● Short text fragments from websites
━━━━━━

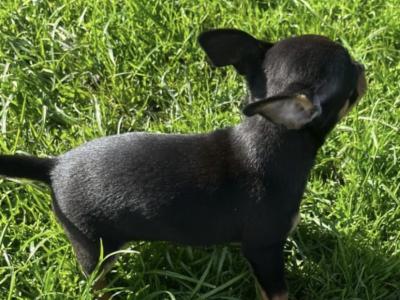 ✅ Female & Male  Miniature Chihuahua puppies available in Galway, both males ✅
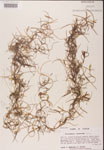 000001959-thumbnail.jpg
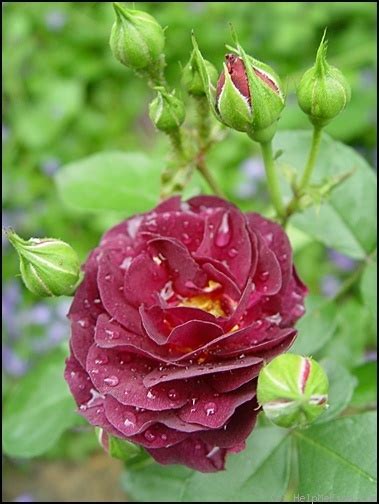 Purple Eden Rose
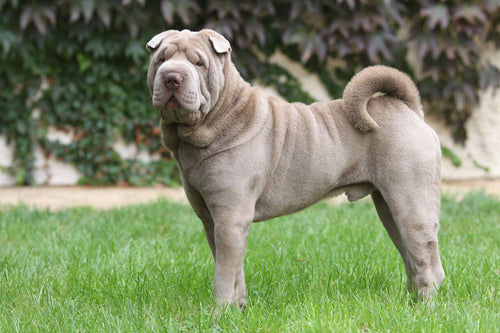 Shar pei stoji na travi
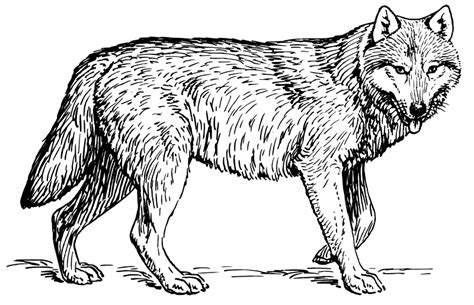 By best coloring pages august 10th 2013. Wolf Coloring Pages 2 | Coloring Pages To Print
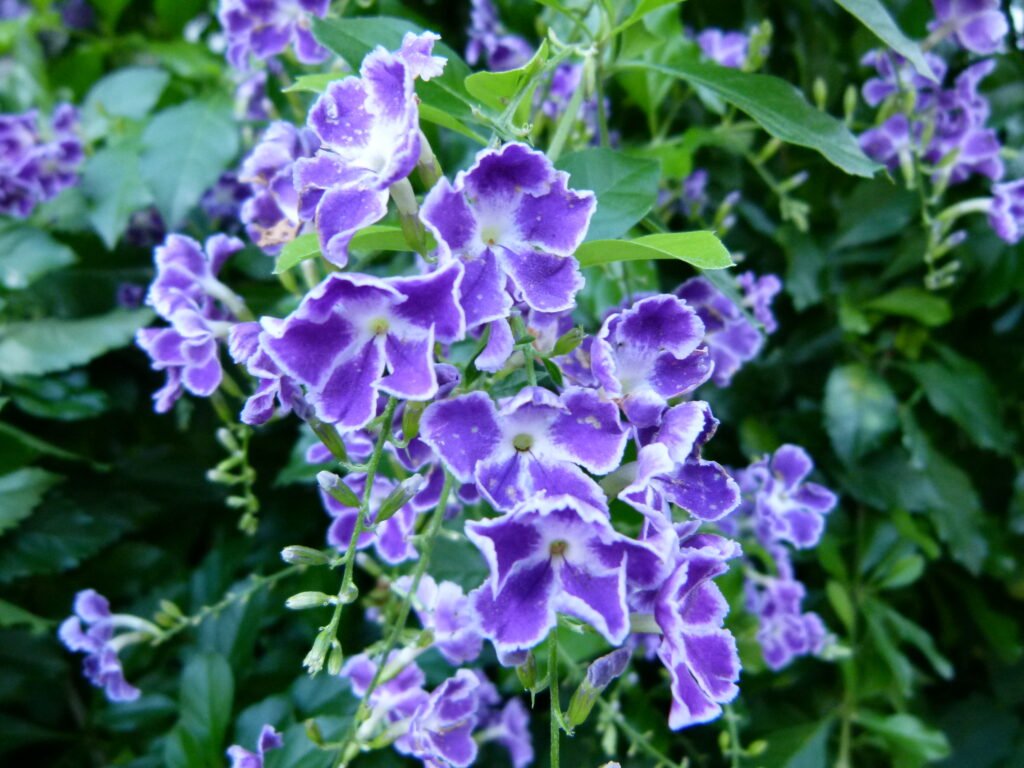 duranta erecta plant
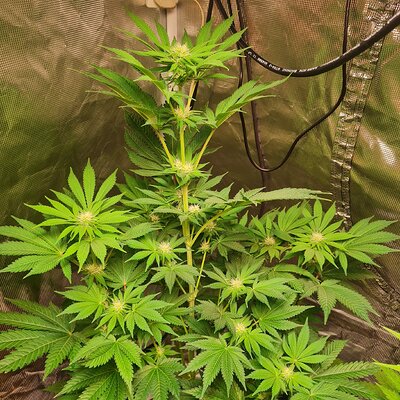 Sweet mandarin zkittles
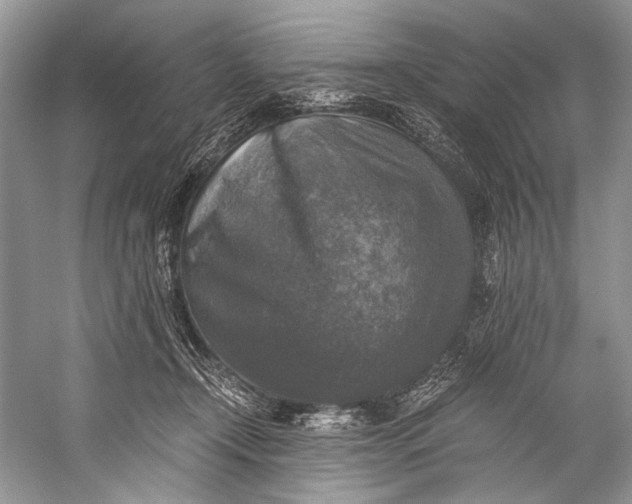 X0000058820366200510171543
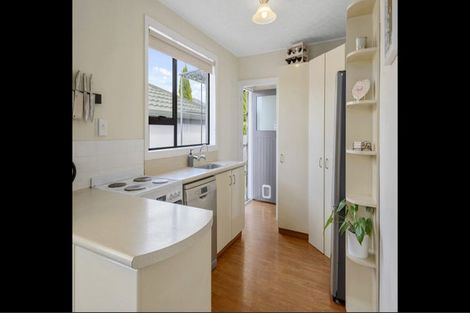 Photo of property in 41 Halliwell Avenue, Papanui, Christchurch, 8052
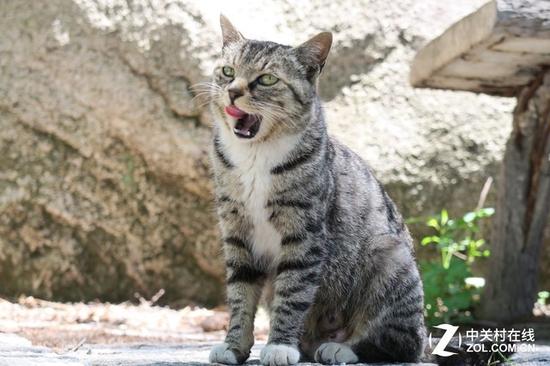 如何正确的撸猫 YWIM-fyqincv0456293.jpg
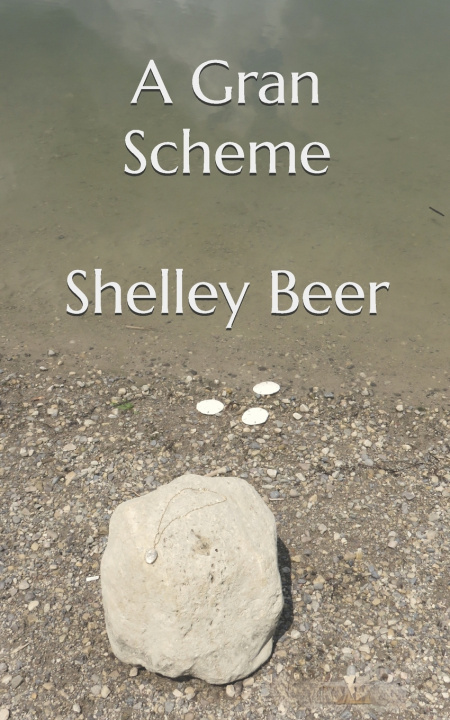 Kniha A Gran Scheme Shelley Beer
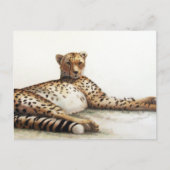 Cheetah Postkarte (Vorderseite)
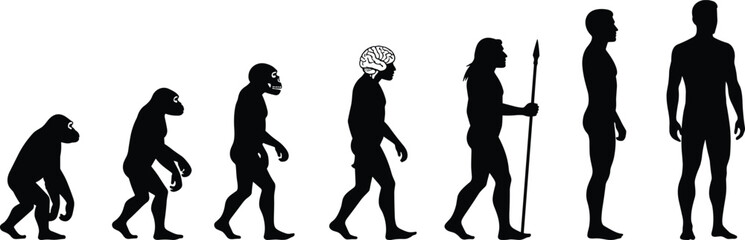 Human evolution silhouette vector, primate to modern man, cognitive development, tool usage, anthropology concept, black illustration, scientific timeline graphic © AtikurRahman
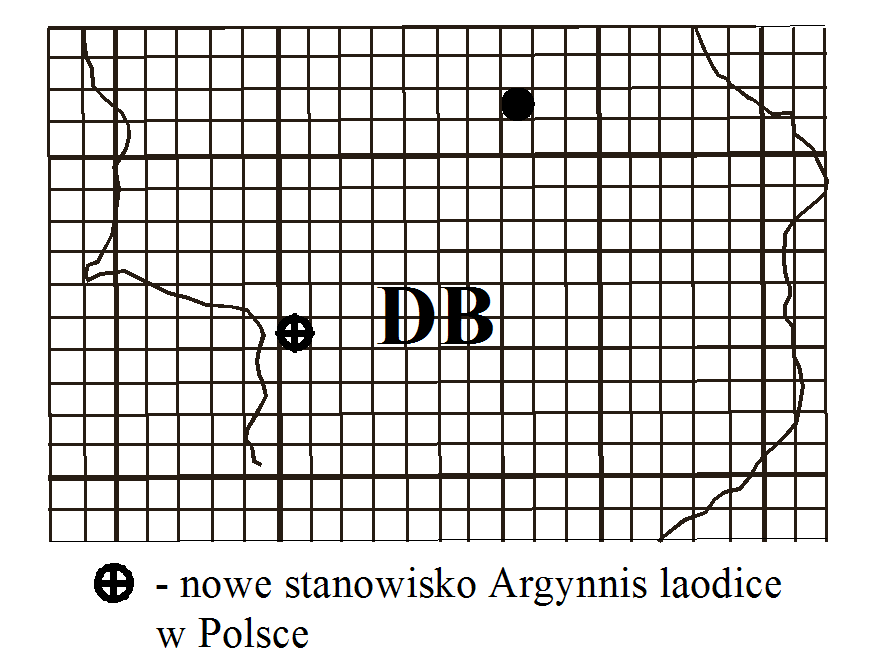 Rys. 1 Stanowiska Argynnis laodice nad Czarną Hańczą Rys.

━━━━━━

● Exercise
Print out each record exactly as shown, but keep the pictures out.

● Completed exercise
 ✅ Female & Male  Miniature Chihuahua puppies available in Galway, both males ✅
 000001959-thumbnail.jpg
 Purple Eden Rose
 Shar pei stoji na travi
 By best coloring pages august 10th 2013. Wolf Coloring Pages 2 | Coloring Pages To Print
 duranta erecta plant
 Sweet mandarin zkittles
 X0000058820366200510171543
 Photo of property in 41 Halliwell Avenue, Papanui, Christchurch, 8052
 如何正确的撸猫 YWIM-fyqincv0456293.jpg
 Kniha A Gran Scheme Shelley Beer
 Cheetah Postkarte (Vorderseite)
 Human evolution silhouette vector, primate to modern man, cognitive development, tool usage, anthropology concept, black illustration, scientific timeline graphic © AtikurRahman
 Rys. 1 Stanowiska Argynnis laodice nad Czarną Hańczą Rys.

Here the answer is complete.